PTRACE_GETFD is a generic ptrace API that allows the tracer to
get file descriptors from the tracee.
One reason to use this is to allow sandboxers to take actions on file
descriptors on the behalf of a tracee. For example, this can be
combined with seccomp-bpf's user notification to ptrace on-demand and
capture an fd without requiring the tracer to always be attached to
the process. The tracer can then take a privileged action on behalf
of the tracee, like binding a socket to a privileged port.
It works whether or not the tracee is stopped. The only prior requirement
is that the tracer is attached to the process via PTRACE_ATTACH or
PTRACE_SEIZE. Stopping the process breaks certain runtimes that expect
to be able to preempt syscalls (quickly). In addition, it is meant to be
used in an on-demand fashion to avoid breaking debuggers.
The ptrace call takes a pointer to ptrace_getfd_args in data, and the
size of the structure in addr. There is an options field, which can
be used to state whether the fd should be opened with CLOEXEC, or not.
This options field may be extended in the future to include the ability
to clear cgroup information about the file descriptor at a later point.
If the structure is from a newer kernel, and includes members which
make it larger than the structure that's known to this kernel version,
E2BIG will be returned.
The requirement that the tracer has attached to the tracee prior to the
capture of the file descriptor may be lifted at a later point.

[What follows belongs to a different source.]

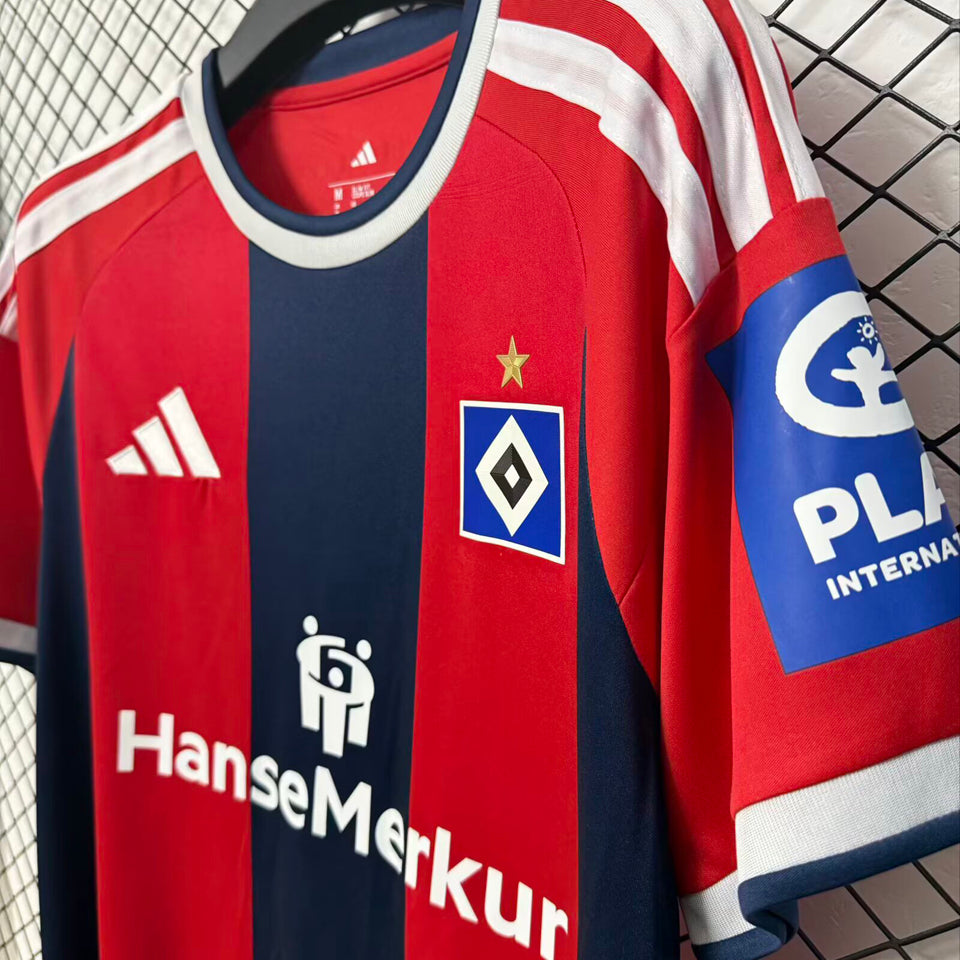 jersey 2026/27 hamburger tercero manga corta versión fan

Signed-off-by: Sargun Dhillon <[email protected]>
---
include/uapi/linux/ptrace.h | 15 +++++++++++++++
kernel/ptrace.c | 35 +++++++++++++++++++++++++++++++++--
2 files changed, 48 insertions(+), 2 deletions(-)

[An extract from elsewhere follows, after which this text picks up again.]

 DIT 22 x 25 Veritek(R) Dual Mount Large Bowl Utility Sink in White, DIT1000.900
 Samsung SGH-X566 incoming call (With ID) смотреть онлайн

diff --git a/include/uapi/linux/ptrace.h b/include/uapi/linux/ptrace.h
index a71b6e3b03eb..c84655bcc453 100644
--- a/include/uapi/linux/ptrace.h
+++ b/include/uapi/linux/ptrace.h
@@ -101,6 +101,21 @@ struct ptrace_syscall_info {
};
};
+/*
+ * This gets a file descriptor from a process. It requires that the process
+ * has either been attached to. It does not require that the process is
+ * stopped.
+ */
+#define PTRACE_GETFD 0x420f
+
+/* options to pass in to ptrace_getfd_args */
+#define PTRACE_GETFD_O_CLOEXEC (1 << 0) /* open the fd with cloexec */
+
+struct ptrace_getfd_args {
+ __u32 fd; /* the tracee's file descriptor to get */
+ __u32 options;
+} __attribute__((packed));
+
/*
* These values are stored in task->ptrace_message
* by tracehook_report_syscall_* to describe the current syscall-stop.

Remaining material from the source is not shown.